§ **INPUT RECORDS**:
»»

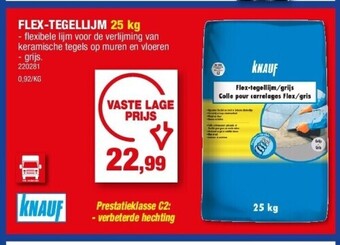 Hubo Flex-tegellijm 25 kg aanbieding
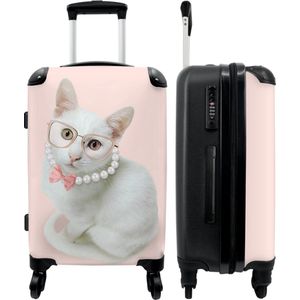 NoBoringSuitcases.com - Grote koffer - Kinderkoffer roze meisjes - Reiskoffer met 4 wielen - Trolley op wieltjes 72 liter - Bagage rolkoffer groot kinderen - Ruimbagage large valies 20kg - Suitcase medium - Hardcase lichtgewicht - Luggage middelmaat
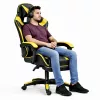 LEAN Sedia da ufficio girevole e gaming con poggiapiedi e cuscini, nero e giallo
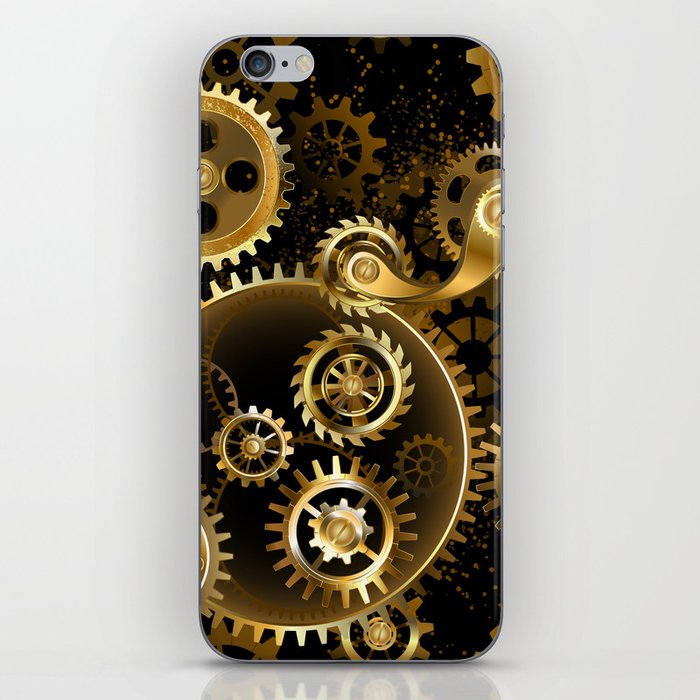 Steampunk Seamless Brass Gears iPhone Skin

««
»»

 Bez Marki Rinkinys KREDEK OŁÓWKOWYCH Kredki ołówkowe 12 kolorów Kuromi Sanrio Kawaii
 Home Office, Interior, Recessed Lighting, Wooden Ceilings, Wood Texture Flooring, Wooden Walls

««

§ **PROBLEM STATEMENT**:
With the pictures left out, write out exactly the lines above from the one containing "LEAN Sedia da" through the one containing "Steampunk Seamless Brass Gears iPhone Skin".

§ **ANSWER AREA**:
 LEAN Sedia da ufficio girevole e gaming con poggiapiedi e cuscini, nero e giallo
 Steampunk Seamless Brass Gears iPhone Skin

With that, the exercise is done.